Gegen diesen Bescheid richtet sich die vorliegende, wegen Rechtswidrigkeit des Inhaltes und wegen Rechtswidrigkeit infolge Verletzung von Verfahrensvorschriften erhobene Beschwerde.

Die belangte Behörde hat die Akten des Verwaltungsverfahrens vorgelegt und in einer Gegenschrift die Abweisung der Beschwerde beantragt.

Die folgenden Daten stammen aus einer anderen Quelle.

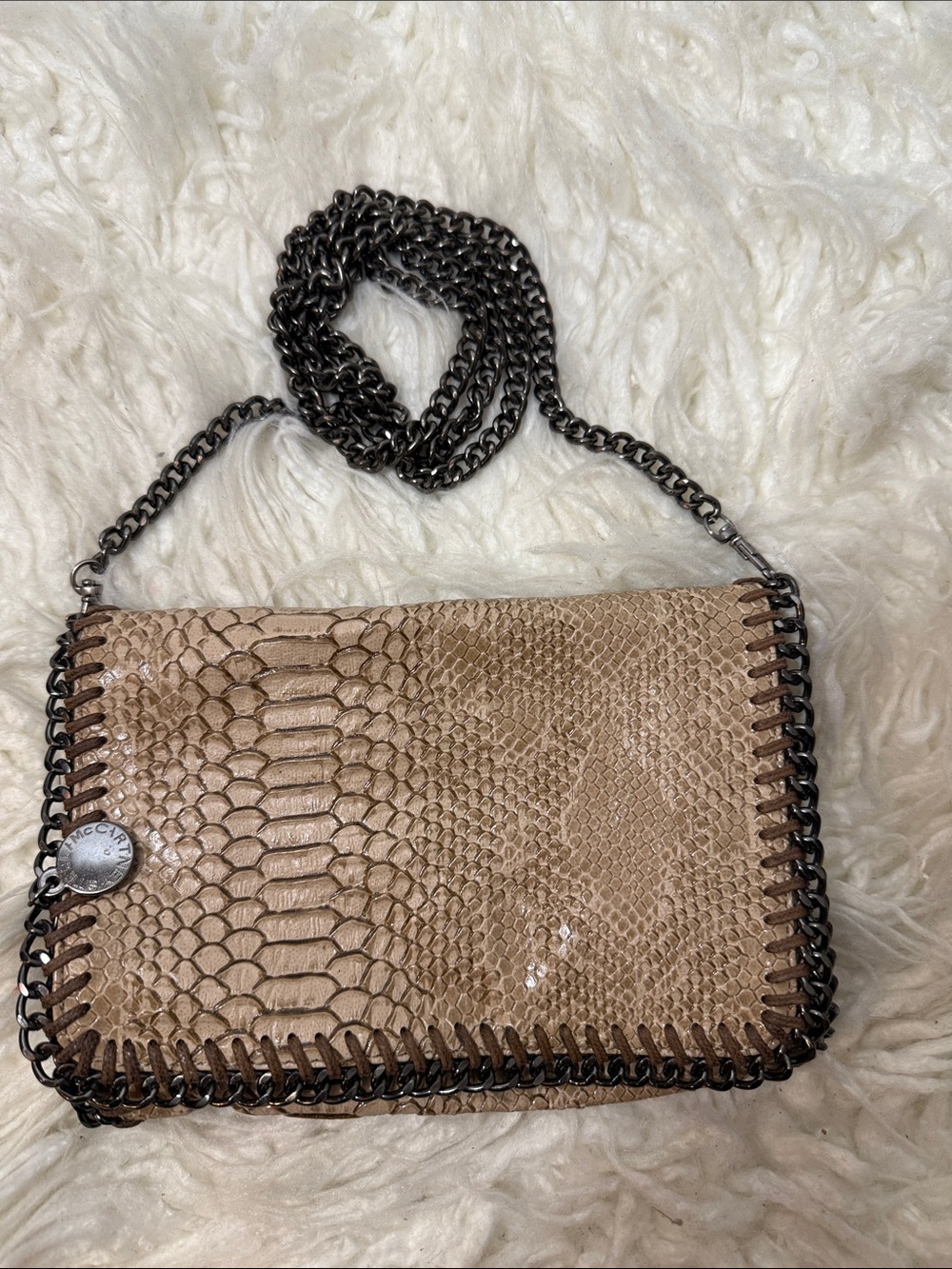 Stella McCartney Taupe Snake-Texture Crossbody Bag with Gunmetal Chain small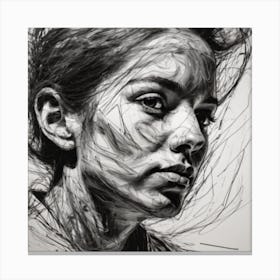 A Portrait Created With A Dynamic And Abstract Scribbling Style Capturing The Subjects Features With A Sense Of Energy And Movement Canvas Print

Der Verwaltungsgerichtshof hat in einem gemäß § 12 Abs. 1 Z 2 VwGG gebildeten Senat erwogen:

Die Beschwerdeführerin strebt an und es wurde ihr mit dem angefochtenen Bescheid - unter Bedingungen - bewilligt die Ausübung des Berufes als diplomierte Krankenschwester im Sinne des § 23 lit. a Krankenpflegegesetz. Nach dem dort verwiesenen § 5 Abs. 1 Krankenpflegegesetz umfaßt die allgemeine Krankenpflege die Pflege bei Erkrankungen aller Art, die Wochenbettpflege sowie die Pflege und Ernährung von Neugeborenen. Über die Ausbildung in der allgemeinen Krankenpflege enthalten zunächst die §§ 6 bis 9 Krankenpflegegesetz allgemeine Bestimmungen, die §§ 10 bis 13 Bestimmungen über die Dauer und Art der Ausbildung in Krankenpflegeschulen, die §§ 14 bis 16 Vorschriften über Prüfungen und Zeugnisse. Die gesetzlichen Ausbildungsbestimmungen werden ergänzt durch die Bestimmungen der Ersten Krankenpflegeverordnung (BGBl. Nr. 634/1973), welche in ihren Anlagen ins einzelne gehende Vorschriften über die Mindeststundenanzahl für die einzelnen Unterrichtsfächer in den einzelnen Ausbildungsjahren enthält.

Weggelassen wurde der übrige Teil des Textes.